On Thu, Jun 29, 2017 at 03:47:07PM +0100, Andrew Findlay wrote:
I suspect part of the trouble is that you have two syncrepl clauses using the same search base on the same master. The timestamps are likely to be stored in the same place, causing a clash.
One definite error is that all three clauses are labelled 'rid=123'. They should all have different numbers.
As it happens, Quanah has just replied to a question with a very similar issue. See message below, and also the ITS: http://www.openldap.org/its/index.cgi/Software%20Bugs?id=8100;selectid=8100
... so you should also make at least one change to data on the master node so that the syncrepl process has something to do.
Andrew
On Tue, Jun 27, 2017 at 01:55:34PM -0700, Quanah Gibson-Mount wrote:
Date: Tue, 27 Jun 2017 13:55:34 -0700 From: Quanah Gibson-Mount quanah@symas.com To: btb btb@bitrate.net, openldap-technical@openldap.org Subject: Re: mmr pair stops replicating: "consumer state is newer than provider" Sender: openldap-technical openldap-technical-bounces@openldap.org
--On Tuesday, June 27, 2017 5:35 PM -0400 btb btb@bitrate.net wrote:
On 6/27/17 10:27 AM, Quanah Gibson-Mount wrote:
--On Tuesday, June 27, 2017 10:37 AM -0400 btb btb@bitrate.net wrote:
i'm using 2.4.44 on freebsd, built from ports. i can provide any config details etc - i just didn't want to inundate the post with guesses on detail that might not be relevant.
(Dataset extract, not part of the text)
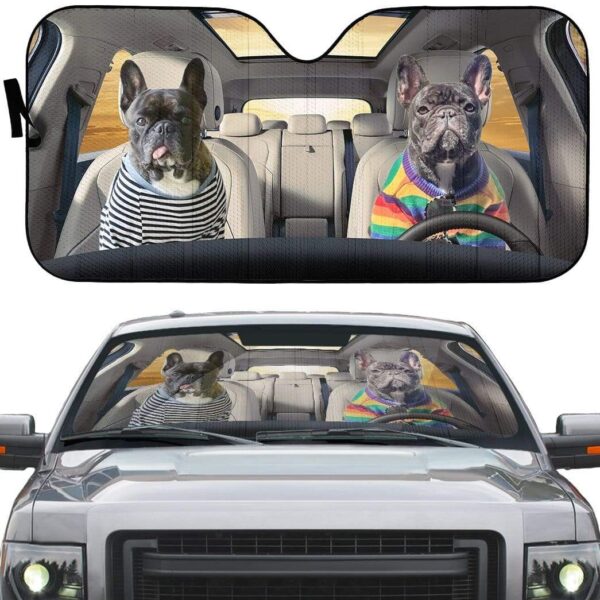 gearhumans 3D Adorable Bulldog Friend Couple Custom Car Auto Sunshade GV120620 Auto Sunshade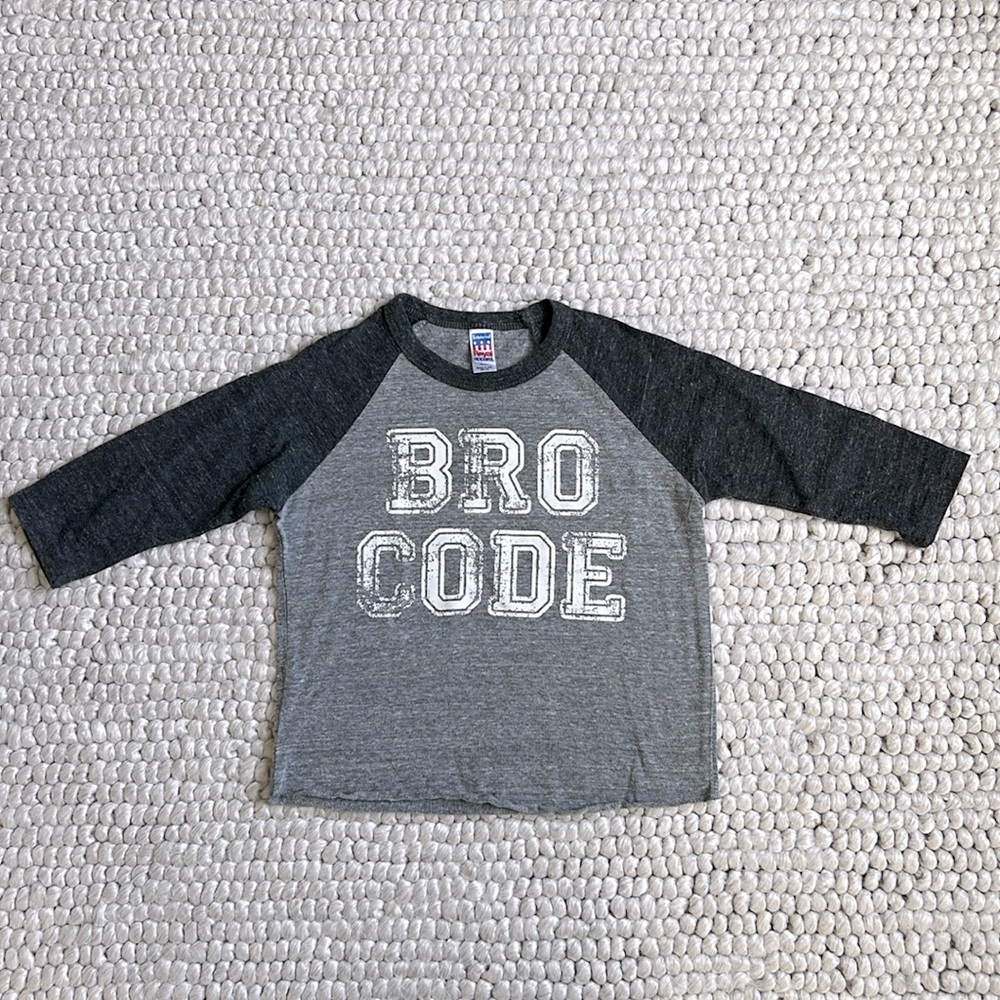 Boys baseball tshirt 3/4 sleeve bro code 3-4 years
What is your accesslog purge setting? Do you have long periods of time with no write activity?
there are some extended periods of time with no write activity, yes.
That's one form of a known issue then with using accesslog (ITS#8100). I've made a suggestion on how it could be fixed, and Howard agreed that would be the correct solution. Just need the fix. :)
In the meantime, you can set up a cronjob that does a modify once a day on some object that doesn't really do anything, like if you had:
dn: cn=someobject,dc... objectClass: ... cn: someobject description: blah
you could have a job that does: dn: cn=someobject,dc... changetype: modify replace: description description: blah
So it in effect does nothing, but it keeps an active change in the accesslog alive.
Basically what happens with the accesslog empty is that it'll end up generating its own new contextCSN that differs for that server than the one stored in the rootDB, and will be /newer/ than it as well, which is why you get that message. You can also fix the problem simply by doing a modify on each master, and it'll reset the contextCSNs and things will flow (i.e., no need to do a dump/reload, etc).